Сделку Сэма и Годфроя она прямо рифмует с сюжетом «Фауста»: вот только местному дьяволу, как оказывается, не нужна человеческая душа — только голая спина. Бен Ханья вообще выносит современному искусству неутешительный диагноз. Ему, считает она, совсем не интересен человек. Поэтому Годфрой тут так расстраивается, когда на спине у экспоната выскакивает прыщ, эта природная шероховатость, которой не место в выхолощенных галереях. Свою мысль авторка доносит одним ярким образом — герои несколько раз видят в музее странное зеркало, в котором видно не лицо человека, смотрящего в него, а затылок, спину. Искусство, всегда работавшее как зеркало жизни, буквально отвернулось от людей.
И нет, это не какая-то излишне прямолинейная интерпретация фильма — просто он сам весьма недвусмысленно доносит свои мысли до зрителя. Например, тот же образ спины повторяется много раз: её, вместо своего лица, Сэм видит на афише инсталляции, её же фотографирует героиня Моники Беллуччи, когда герой просит запечатлеть его для мамы.
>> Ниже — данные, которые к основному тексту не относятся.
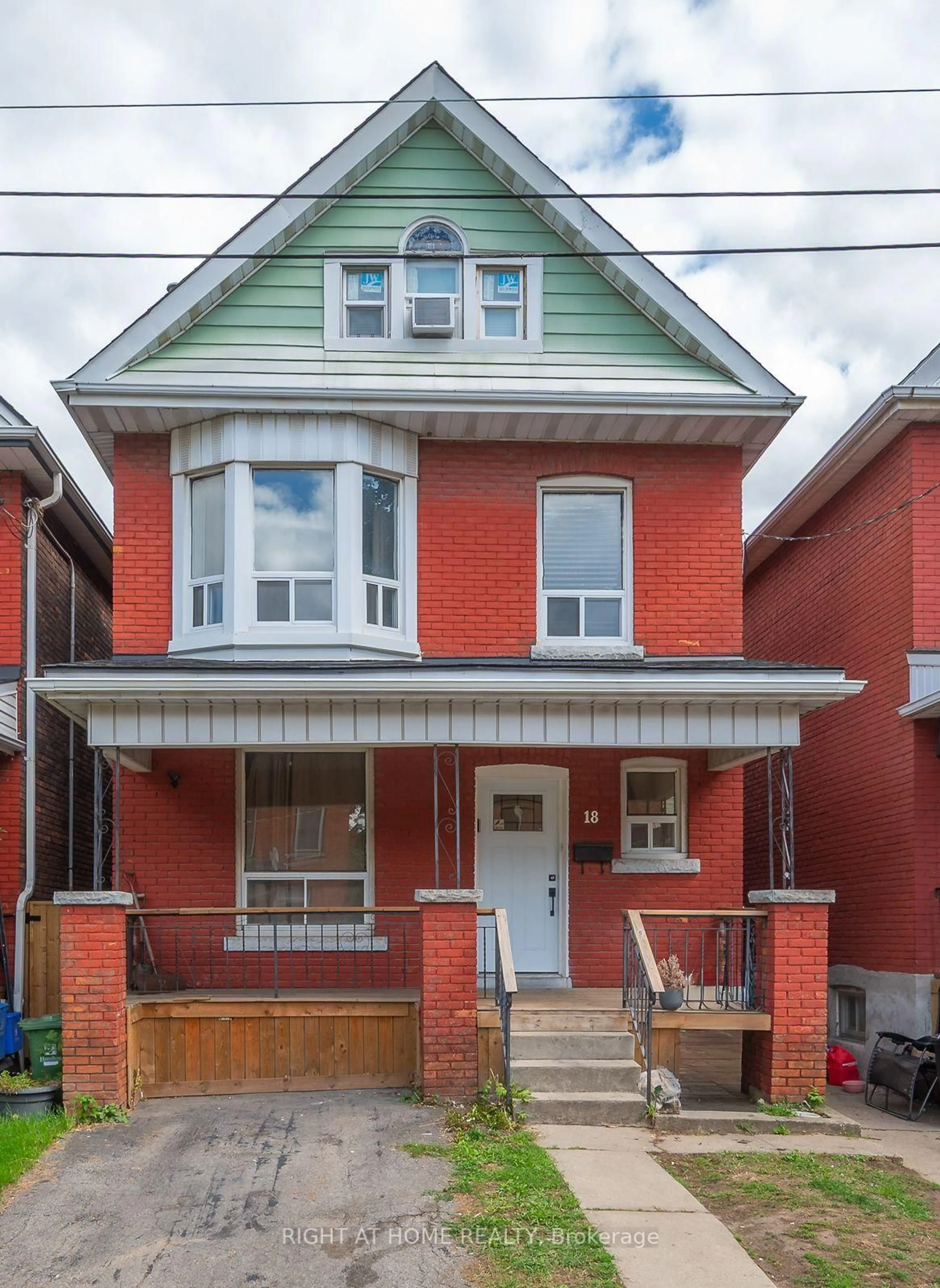 Home with brick exterior material, street for 18 Huntley St, Hamilton Ontario L8L 5X7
Ну а ближе к финалу Джеффри Годфрой и вовсе открыто проговорит смысл, процитировав античный миф о Пигмалионе — скульпторе, который влюбился в свою статую и захотел сделать её живой. Только теперь, говорит художник, всё наоборот: живого Сэма ему лучше было бы сделать каменным.
Критика совриска в «Человеке, который продал свою кожу» очень дуболомна, банальна даже — но это можно оправдать тем, что Бен Ханья разговаривает на языке тех, над кем смеётся (или думает, что смеётся). В конце концов, ей-то, в отличие от критикуемых, интереснее всего человек: сомневающийся, турбулентный Сэм, для которого работа музейным экспонатом становится способом наконец разобраться в себе. Он терзается очень приземлёнными вопросами вроде того, имеет ли он вообще право возмущаться своим положением, когда его соотечественники умирают на войне? Стоит ли гордость тех денег, которые он посылает родственникам в Сирию? Когда к нему приходит общество по защите беженцев с речами об эксплуатации, он посылает их куда подальше. Могу, говорит, продаваться кому хочу — если у него и остались какие-то гражданские права, то вот одно из них.
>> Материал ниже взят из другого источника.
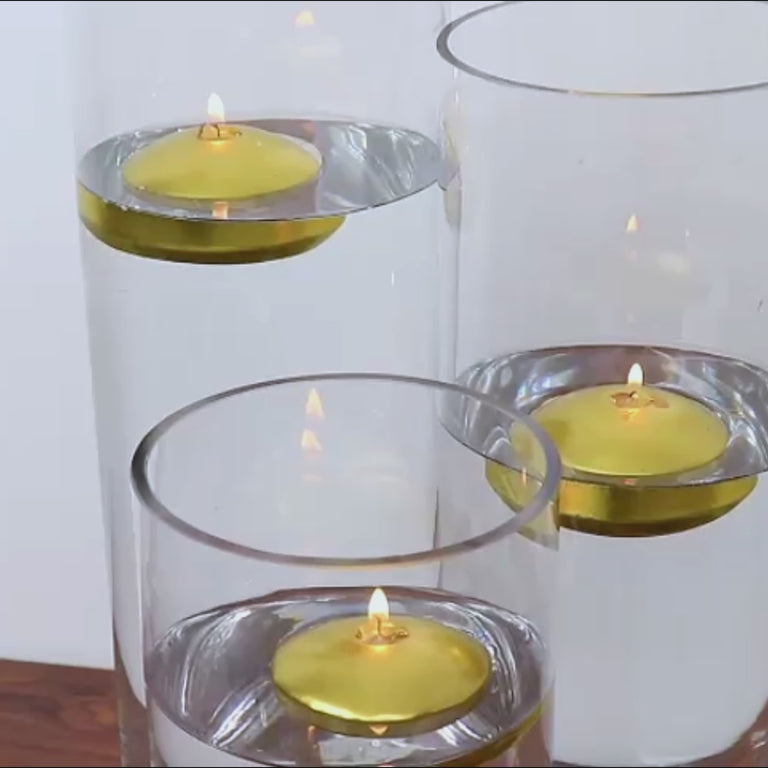 Gold floating candles in clear vases, perfect for centerpieces.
Каутер Бен Ханья создаёт убедительный портрет человека, столкнувшегося с превосходящими его понимание силами — и будь «Человек, который продал свою кожу» просто таким неординарным character study, на этом можно было бы и закончить. Но как только фильм отходит от личного к глобальному, появляются неудобные вопросы. Ведь выходит, что работа Бен Ханьи делает ровно то же, за что она критикует лощёный совриск: берёт реальную проблему (в данном случае сирийских беженцев) и превращает её в аккуратно выстроенное шоу, укладывает в удобный формат академической драмы со слащавым и совсем уж не вписывающимся в пафос картины хеппи-эндом. Режиссёрка откровенно издевается над европейцами, для которых проблемы третьего мира — лишь повод для очередного арт-объекта, а сама номинируется на «Оскар», главную премию кинематографической элиты. В этом есть злая ирония: «Человек, который продал свою кожу» самим своим существованием против воли подтверждает собственную мысль. Страдания — это товар. Искусство — пустота.